On Sina Weibo, the most popular of China’s Twitter-like microblogging services, the overwhelming majority of the roughly 65,000 people who had participated in an online poll as of Monday evening said they were “very dissatisfied” with the government’s response. “I eagerly await the U.S. Embassy asking for an explanation from the authorities—paying close attention!” wrote Weibo user jemmba. “Would it be possible to send the CIA or FBI over to investigate?” asked another user.

Also, from McClatchy Newspapers:

…After the accident Saturday, when one train rear-ended another, the government was forced to announce a full investigation and then on Tuesday to unveil a two-month, nationwide safety review of its railways.

Those measures did little to silence discontent, however. Some Chinese who are following the situation expressed doubts about the official explanation for the accident, that a freak lightning strike caused the lead train to stall, setting up a following train to plow into it. Others have asked: Even if that was the case, why wasn’t the second train signaled to stop?

Beyond the specifics of the crash Saturday night in the coastal province of Zhejiang, there are broader concerns about corruption and mismanagement that have come to plague the Chinese Railways Ministry.

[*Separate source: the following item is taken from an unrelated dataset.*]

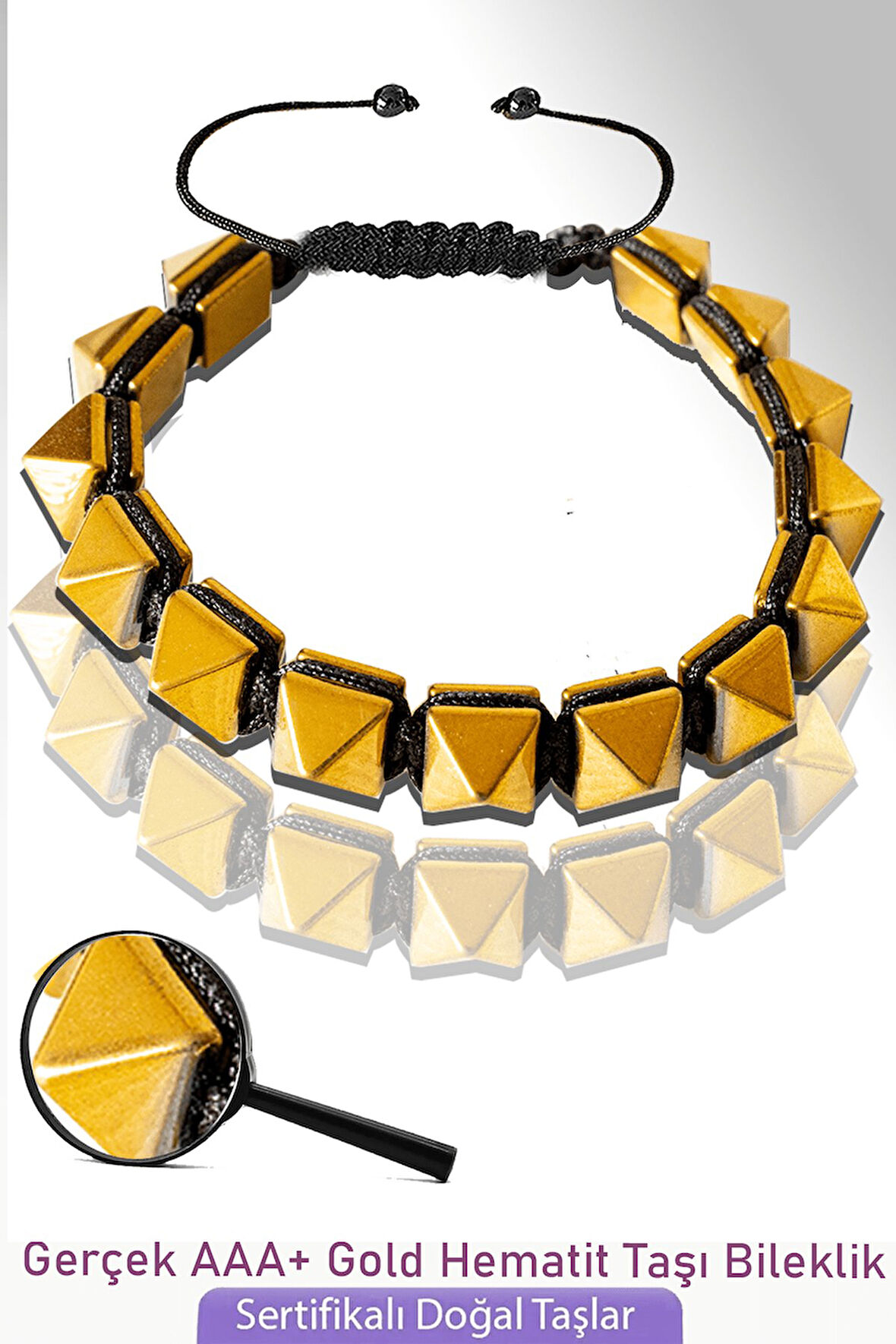 Sertifikalı Elmas Kesim Gerçek Gold Hematit Taşı Bileklik - Ayarlamalı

Its former head, Liu Zhijun, was removed from his job in February after accusations that he’d taken kickbacks of more than $122 million.

Suspicions that the bullet trains are at times unreliable were buttressed Tuesday when state media confirmed that more than 20 trains running on the brand-new Beijing to Shanghai route were delayed Monday because of power failures.

One cause of public anger was the government’s decision to crush and bury one of the engines, rather than carry out a full forensic investigation on it. Today, according to the Daily Yomiuri, the train was excavated and sent to a nearby station:

On Tuesday, a hydraulic excavator recovered the car, which will apparently be relocated to a nearby station.

According to state-run Xinhua News Agency, the Chinese State Council’s investigation committee has decided to take the carriages that had fallen from a viaduct in the crash to the Wenzhou West Station for investigation.

On Sunday, the day after the accident, Chinese authorities used heavy machinery to destroy part of the crushed carriage and buried the wreckage. This has been criticized as an attempt to destroy evidence.

Public outrage is being expressed on Sina Weibo, a microblog service, as many see the government fumbling its response. From the Wall Street Journal’s China Real Time blog:

Anger and skepticism that emerged quickly after Saturday’s collision of two bullet trains in eastern China—which killed at least 39 people dead and injured more than 192—has intensified as the government has drawn fire for not being forthcoming enough with information on the disaster. Much of the criticism played out on Sina Weibo, China’s most active Twitter-like microblogging site, where the accident on Tuesday remained the most discussed item for a third-straight day.

“In the eyes of the authorities, regular people will always be gullible three-year-old children,” Weibo user Yan Youming wrote Tuesday in one of thousands of new postings on the site that took the government to task for its opaque handling of the disaster.